For the purposes of this theme paper study, calculations of the parameters of hydrodynamic lubrication were made for high performance bearings working under the following conditions:
The main objective of the calculations was to determine the optimal values of clearance for various operational conditions. Such optimal clearance should provide the maximum possible level of minimum oil film thickness.
The results of the calculations of the effect of clearance on min. oil film thickness are presented in Fig.1 and 2.
It is seen in the graphs that min. oil film thickness has maximum values which are different at different loads and rotation speeds.
When the clearance increases from low values, the resulting value of min. oil film thickness also increases. This is due to the formation of a larger supporting oil wedge, which is mandatory for stable hydrodynamic lubrication.
However, a further increase of clearance leads to a decrease of min. oil film thickness. This effect is caused by a localization of the oil pressure to a smaller area of the bearing surface. The non-homogeneity of the oil pressure distribution is characterized by the ratio Pmax/Pav.
Pav – the average load applied to the bearing surface (5,100 psi or 12,000 psi in our calculations)
Pmax – the peak value of the oil pressure
An example of the oil pressure distribution is shown in Fig.3.
Besides a decrease of min. oil film thickness, the non-homogeneous oil pressure distribution caused by excessive clearance may result in fatigue of the bearing material in the area of peak pressure. This phenomenon is known as knocking.
The effect of clearance on the oil pressure distribution is presented in Fig. 4 and 5.
As seen in the graphs, clearance exceeding 0.003” may results in substantial non-homogeneity of the oil pressure distribution.
Another effect of large clearance is increased oil leakage out of the bearing. Oil leakage has an important positive role – it removes the heat generated by the bearing thus preventing overheating of the oil.
However, too large a flow of oil leakage may cause a drop of oil pressure and even oil starvation, which terminates hydrodynamic lubrication.
Oil leakage from thea bearing with excessive clearance may be reduced by changing to a higher viscosity.
The influence of clearance on oil flow is seen in Fig.6.
Now consider the effect of tight clearances on the hydrodynamic parameters.
The advantages of small clearances are: low values of oil peak pressure and low oil leakage.
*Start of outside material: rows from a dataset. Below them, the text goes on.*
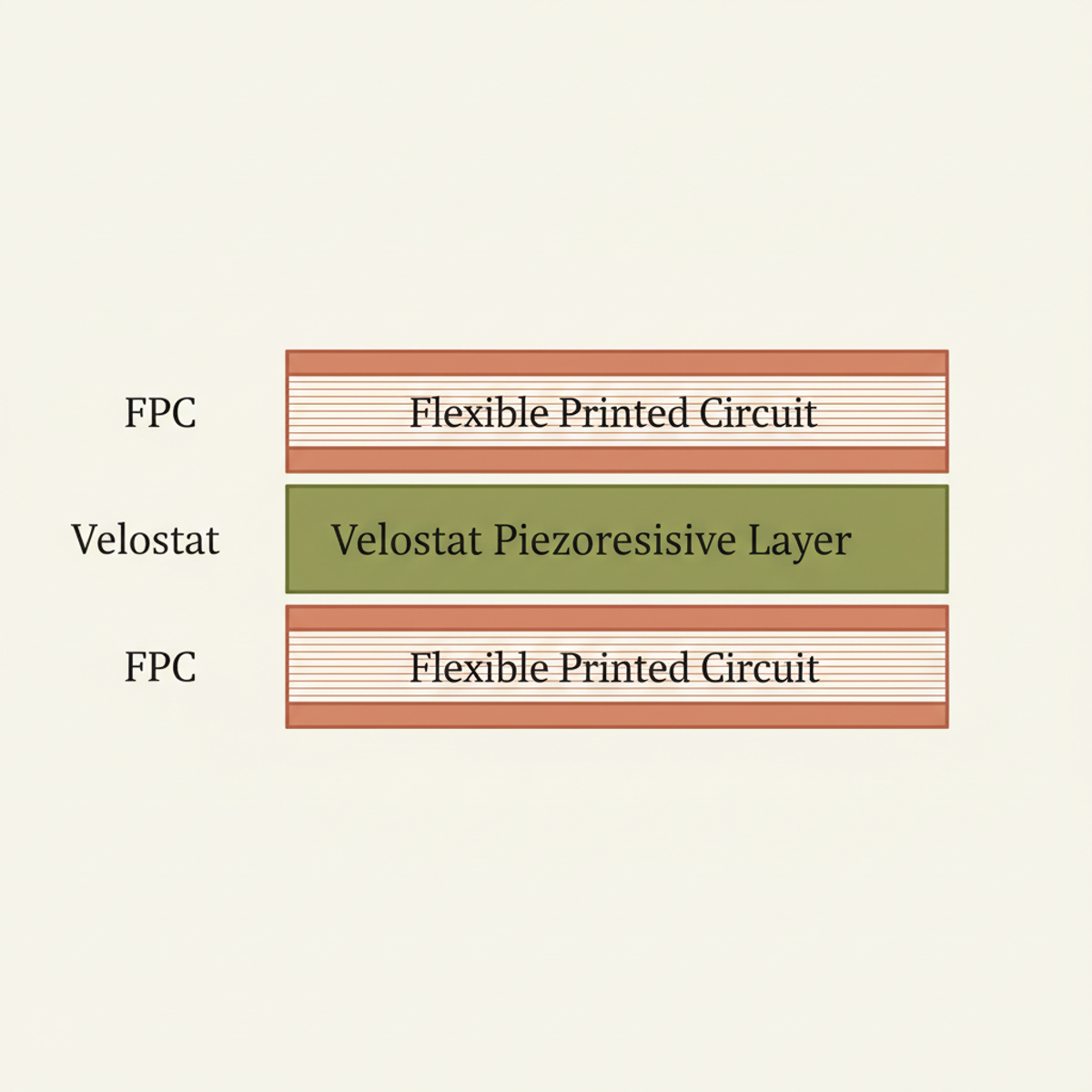 FlexiTac three-layer laminate stack: flexible printed circuits sandwich a piezoresistive Velostat layer with integrated electrode patterns.
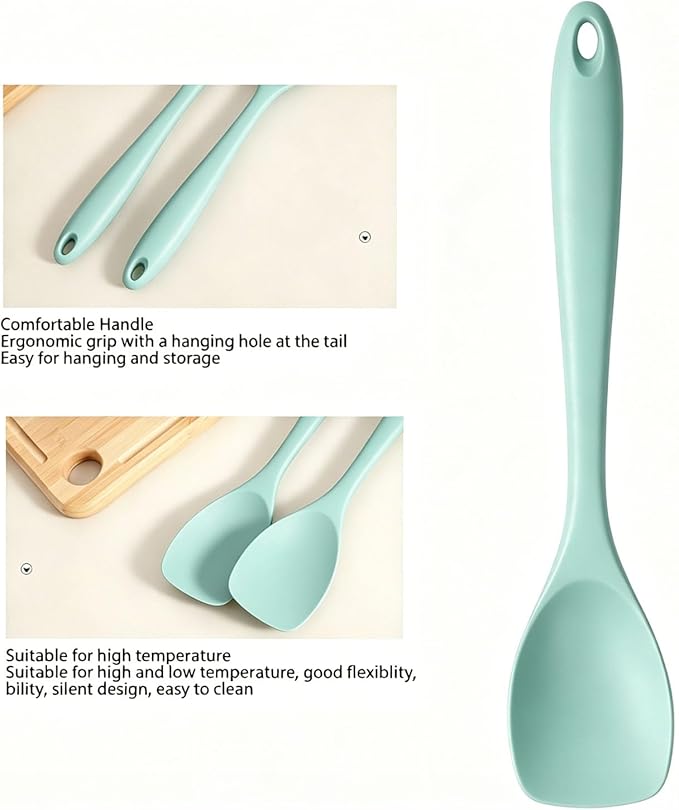2 Pcs Silicone Spatula,Heat Resistant Rubber Spoonula, Seamless Non-Stick Flexible Scrapers for Baking Mixing Tool (GREEN 2)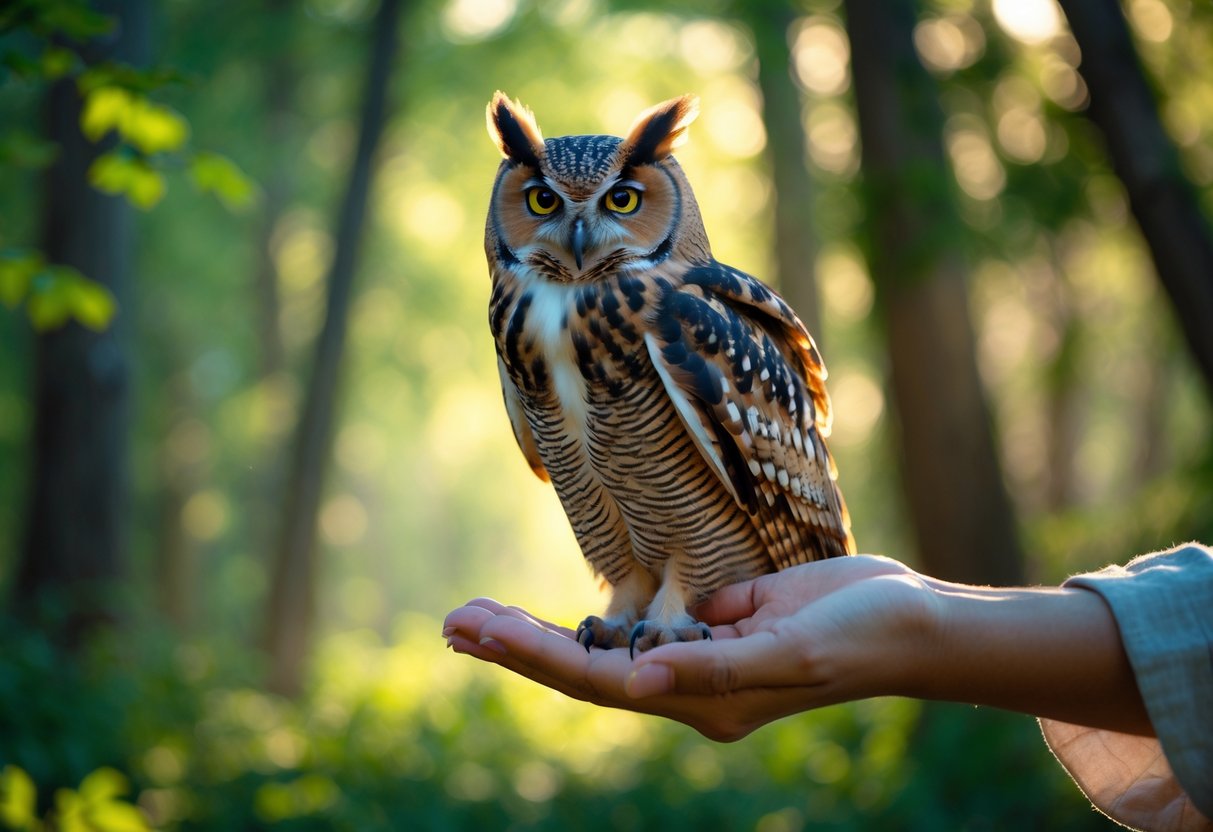 An owl perched calmly on a person's outstretched hand in a sunlit forest.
However there are clear drawbacks.
First of all, min. oil film thickness at tight clearances may be too low (Fig.1 and 2).
The second adverse factor is related to possible distortions of the bearing housing and crankshaft in high performance engines working at high loads and high rotation speeds. The distortions are much more dangerous in bearings with small clearances.
The third disadvantage of tight clearances is excessive heating of the oil. The friction energy generated by the bearing at high rotation speeds may heat the oil to a temperature above its maximum temperature limit (e.g. 500 °F for synthetic oil). The graphs in Fig. 7 illustrates the effect of clearance on oil temperature rise (delta T).
As was noted in p.1, clearance is not the only bearing parameter determining the value of min. oil film thickness. The effect of bearing eccentricity is very similar to that of clearance. The value of eccentricity is taken into account in hydrodynamic calculations. Fig.8 presents the results of calculations of clearances providing the maximum values of min. oil film thickness for different eccentricities (e=0 and e=0.0004”).
An increase of bearing eccentricity shifts the optimal clearance to lower values. This reduces the likelihood of knocking and localized overloading. However the real situation is more complicated than the theoretical calculations. As a matter of fact, the actual eccentricity of high performance bearings during their operation is lower than the difference between the maximum and minimum wall thickness. The eccentricity is reduced by distortions of the bearing housing due to high loads and high rotation speeds. Using King’s ENSIM™ software we are able to determine the optimal eccentricity value for a specific performance requirement. This optimal value in our XP and HP race series is called EccentriX™.